__WHAT YOU WILL DO__. Write down each entry again, exactly as it reads.

DATA SUPPLIED Block Start

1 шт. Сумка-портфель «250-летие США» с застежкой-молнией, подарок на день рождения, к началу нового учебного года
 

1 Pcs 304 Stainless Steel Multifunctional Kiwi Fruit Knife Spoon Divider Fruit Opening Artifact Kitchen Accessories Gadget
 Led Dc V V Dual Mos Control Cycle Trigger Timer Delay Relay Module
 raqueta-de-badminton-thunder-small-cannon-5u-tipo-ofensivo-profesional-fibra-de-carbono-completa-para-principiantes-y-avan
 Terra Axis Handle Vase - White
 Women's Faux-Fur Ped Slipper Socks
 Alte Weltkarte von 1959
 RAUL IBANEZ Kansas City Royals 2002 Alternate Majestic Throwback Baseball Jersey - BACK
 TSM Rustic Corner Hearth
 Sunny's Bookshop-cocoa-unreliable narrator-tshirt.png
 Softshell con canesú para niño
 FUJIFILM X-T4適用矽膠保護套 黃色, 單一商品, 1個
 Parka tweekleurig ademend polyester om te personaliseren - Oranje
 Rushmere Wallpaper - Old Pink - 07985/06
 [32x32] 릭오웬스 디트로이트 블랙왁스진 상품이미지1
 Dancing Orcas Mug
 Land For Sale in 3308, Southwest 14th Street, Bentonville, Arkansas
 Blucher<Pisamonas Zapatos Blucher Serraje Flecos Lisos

DATA SUPPLIED Block End

__COMPLETED EXERCISE__.
1 шт. Сумка-портфель «250-летие США» с застежкой-молнией, подарок на день рождения, к началу нового учебного года
 

1 Pcs 304 Stainless Steel Multifunctional Kiwi Fruit Knife Spoon Divider Fruit Opening Artifact Kitchen Accessories Gadget
 Led Dc V V Dual Mos Control Cycle Trigger Timer Delay Relay Module
 raqueta-de-badminton-thunder-small-cannon-5u-tipo-ofensivo-profesional-fibra-de-carbono-completa-para-principiantes-y-avan
 Terra Axis Handle Vase - White
 Women's Faux-Fur Ped Slipper Socks
 Alte Weltkarte von 1959
 RAUL IBANEZ Kansas City Royals 2002 Alternate Majestic Throwback Baseball Jersey - BACK
 TSM Rustic Corner Hearth
 Sunny's Bookshop-cocoa-unreliable narrator-tshirt.png
 Softshell con canesú para niño
 FUJIFILM X-T4適用矽膠保護套 黃色, 單一商品, 1個
 Parka tweekleurig ademend polyester om te personaliseren - Oranje
 Rushmere Wallpaper - Old Pink - 07985/06
 [32x32] 릭오웬스 디트로이트 블랙왁스진 상품이미지1
 Dancing Orcas Mug
 Land For Sale in 3308, Southwest 14th Street, Bentonville, Arkansas
 Blucher<Pisamonas Zapatos Blucher Serraje Flecos Lisos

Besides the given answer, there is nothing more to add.